儘管當地活動人士和環境專家提出了越來越多的擔憂,但伊朗政府的反應仍然不夠。儘管包括總統馬哈茂德·艾哈邁迪內賈德和哈桑·魯哈尼在內的官員都承諾解決危機並重振湖泊,但仍缺乏實際進展。 3 年 2024 月 XNUMX 日—在伊朗國家水日之際,伊朗水工業聯合會 (IWIF) 向公眾展示了一個關於該國水體和供水相關問題的項目,但 烏爾米亞湖 不在涵蓋的案例之列。分配資金和實施復原計畫的努力力度不夠,未能阻止湖泊的持續衰退。最近的報告描繪了烏爾米亞湖當前狀況的嚴峻景象。衛星影像和空拍鏡頭顯示出乾燥的景觀,湖床暴露在外,水位處於歷史最低水平。據報道,到2023年秋天,經過數十年水位持續下降,該湖已經乾涸。儘管越來越多的證據表明事實並非如此,但政府官員聲稱正在努力恢復空心湖。由於國內降雨近幾個月加劇,烏爾米亞湖水位上升,伊朗政府抓住這個機會進行宣傳,將湖水量的改善歸功於自己的努力。
環境專家,包括德黑蘭的 Masoud Tajrishi 謝里夫工業大學,警告情況嚴峻。自1995 年以來,隨著新水壩的建造和1979 年伊斯蘭革命後農業實踐的改變,該湖的水位已下降了XNUMX 公尺。水位歸咎於氣候變遷。
社會和文化緊張局勢
除了環境危機外,烏爾米耶湖的困境也引發了社會和文化緊張局勢。根據 2021 年發表的一項研究結果,週邊地區的農業活動減少了約 30%,1996 年至 2016 年期間,東阿塞拜疆省超過 12% 的村莊失去了人口,大約500 個村莊全部或部分人口減少。該方程中的主要變數之一是阿塞拜疆土耳其人主要居住在該湖所在的省份。伊朗西北部的阿塞拜疆土耳其人是講突厥語的少數民族,佔全國人口的五分之一,他們將烏爾米亞湖視為其遺產和身份的中心。當地活動人士認為這個話題高度敏感,幾十年來一直在組織抗議活動,要求保護它。然而,他們的努力遭到當局的鎮壓和恐嚇,凸顯了更廣泛的政治壓迫和侵犯人權問題。該政權不願解決該湖的衰退問題可能是因為擔心在阿塞拜疆人民中激發更廣泛的文化和語言權運動。
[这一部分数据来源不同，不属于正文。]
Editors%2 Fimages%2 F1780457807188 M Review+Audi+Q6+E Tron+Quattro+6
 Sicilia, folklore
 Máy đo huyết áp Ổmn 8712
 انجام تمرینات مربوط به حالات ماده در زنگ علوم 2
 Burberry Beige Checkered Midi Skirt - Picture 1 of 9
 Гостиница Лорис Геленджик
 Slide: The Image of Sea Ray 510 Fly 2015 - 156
烏爾米亞湖的案例是種族問題與生態問題交叉的完美例子。雖然這顯然是一個與環境和氣候變遷有關的問題,但我們不能忽視少數群體權利的層面。這些受影響最嚴重的地區主要居住著阿塞拜疆土耳其人,並且在一定程度上居住著伊朗另一個相當大的少數民族庫德人,這一事實引發了歧視和二等公民身份問題。如果上述省份波斯人佔多數,中央政府的反應可能會大不相同。值得注意的是,這場生態災難並不是伊朗阿塞拜疆社區遇到的唯一問題。阿塞拜疆語(阿塞拜疆少數民族的母語)缺乏教育的問題仍然沒有解決。儘管在每次競選活動中都會提到這個問題,以贏得阿塞拜疆選民的支持,但尚未有伊朗政治家決定啟動一項對教育體系進行重大變革的計劃,以使其對少數族裔更具包容性。自巴列維王朝於 20 世紀初掌權以來,阿塞拜疆土耳其語被禁止在官方文件中使用,也被禁止作為學校的教學語言。伊斯蘭共和國在革命後幾乎完整地保留了這項政策,因此阿塞拜疆土耳其語最終失去了魅力和威望,變成了一種無用的當地語言,主要是居住在偏遠地區的人們願意使用的語言。在伊朗阿塞拜疆,甚至給新生兒起阿塞拜疆-土耳其名字也受到官僚手段的阻礙;相反,人們會鼓勵使用源自波斯的名字。有一次,大不里士領土法院頒布了一項法令,認為阿塞拜疆-土耳其血統的名字被歸類為不符合伊斯蘭教原則。這種語言動態反映了伊朗社會當前的社會格局,非波斯族裔儘管佔人口的一半,卻缺乏波斯族大多數人享有的特權。